“Sometimes you just have to get wet.”
As I move through the process of grief, I have found humor to be a necessary component.
If you have ever seen the movie, “Elizabethtown,” with Orlando Bloom, Kirsten Dunst and Susan Sarandon, you can appreciate what I am talking about. Susan Sarandon loses her husband and is desperately trying out new things to help compensate the loss. She learns to fix the car, the toilet and learns to “tap dance” among other things.
I have found myself in the throes of what Susan Sarandon’s character experiences. In the first two weeks after my husband’s death, his truck wouldn’t start, the lawnmower wouldn’t start and a mouse (or rat) the size of a small dog, took up residency in the garage. I remember coming to tears, my heart beating fast and my knees going weak. I remember thinking, “Great!” “What next?” I also thought, “You have got to let things go, Ginny.” “Everything will be alright.”

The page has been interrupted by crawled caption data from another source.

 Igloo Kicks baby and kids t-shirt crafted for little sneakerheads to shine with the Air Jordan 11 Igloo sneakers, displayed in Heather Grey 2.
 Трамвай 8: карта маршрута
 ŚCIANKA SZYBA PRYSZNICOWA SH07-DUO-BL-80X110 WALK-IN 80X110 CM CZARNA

About 20 minutes after that statement, I hear a lawnmower, my wonderful neighbor is mowing my yard, my boss texts me to let me know she and her husband are going to help with my husband’s truck and my dog comes running up to me from outside and as I look down, drops the mouse at my feet. Thank God for divine intervention!

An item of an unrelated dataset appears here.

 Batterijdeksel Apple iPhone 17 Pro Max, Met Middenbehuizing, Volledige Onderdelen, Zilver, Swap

I have to tell you though it has been an effort learning to dance in the rain. It’s not easy as those emotional downpours hit. While I feel for the most part I am an independent woman, there was so much physical and unspoken support I forget I had.
Our AC and heating system had been giving us a little trouble and required a few small repairs, nothing major however until this last week when another problem occurred. It was one of those problems that could go either way and a decision was needed. One of the considerations was also the cost. What was the best decision?
After two nights of restless sleep, and doing numerous Google searches for trouble shooting, I felt exhausted and broke down in tears. This breakdown was not about making a decision on an air conditioner as much as it was about not having my partner and support here with me. My thoughts turned to the “what-if” scenarios of a bleak future.
However, as I sit here today with my new system running beautifully with its latest technology, I feel stronger. I made the right decision.
Dancing in the rain will continue to make me stronger and appreciate the beauty of the new “me” that is emerging. My sweet husband is a part of me still and will always be, but I know I will survive on my own as each beautiful hurdle teaches me something new about myself.